Malaysia Property News is a free resource website sharing Daily Property News & information about Property in Malaysia, which related to, Property Market, Property Investment, Commercial Property , Hot Properties Malaysia, Real Estate, Retail Shop, Business Park, Condominium Malaysia, Terraces & Apartment Malaysia, Houses, Residence, Resort and many more.

Wednesday, June 4, 2008

Gamuda shares rebound to close 5 sen higher

PETALING JAYA: Gamuda Bhd shares staged a rebound from last Friday's 18% decline to close 5 sen higher at RM2.50 yesterday after several analysts said the company's exposure to the Vietnam property market was overblown.

The company, through Gamuda Land Sdn Bhd, is developing the RM8bil Yen So Park, comprising a mix of residential and commercial properties on 808 acres in return for constructing a sewage treatment plant and other infrastructure works.

The stock saw 17 “buy” recommendations compared with four “holds” and three “sells”, according to Bloomberg data.

CIMB Research, which has maintained an “outperform” on the stock, said in a report that based on its current worst-case scenario where the RM3.9bil value of the Yen So Park land was stripped out and assuming zero contributions from the double-tracking project to construction profits as well as a lower construction price-to-earnings of eight times instead of 13.5 times, the revised net asset value (RNAV) would drop to RM2.78 based on a higher 30% discount to RNAV instead of 20%.

Analyst Sharizan Rosely said net earnings forecast for the next two financial years would drop by 26% to 30% if Vietnam contributions were removed.

“In view of the cautious economic environment in Vietnam, we're now cutting our revenue forecasts for Yen So,” he said, adding that revenue would be cut for the next two financial years to RM250mil from RM800mil and RM400mil from RM800mil.

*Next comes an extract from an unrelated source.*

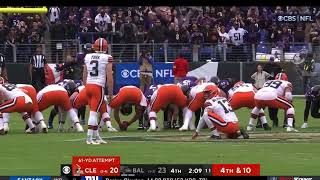 Cade York MISSES Game Tying 61 Yard Field Goal | Browns vs Ravens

Gamuda's financial year ends July 31.

Sharizan said this would see earnings forecasts cut by 17% to 20% for the next two financial years.

“Although the conditions of Vietnam's economy are a concern of late, we think it is more worrying for property developers that have planned new launches in the next nine to 12 months,” he said.

Sharizan added that cost inflation and higher borrowing costs had dented affordability and demand over the past six months based on the guided 10% drop in property prices.

“However, we take comfort in knowing that it will take at least 12 months before Gamuda starts selling the commercial and residential units in the market,” he said.

Meanwhile, the share prices of two other developers exposed to the Vietnam property market, SP Setia Bhd and Berjaya Land Bhd, were down 20 sen and 24 sen, to RM3.94 and RM4.86, respectively.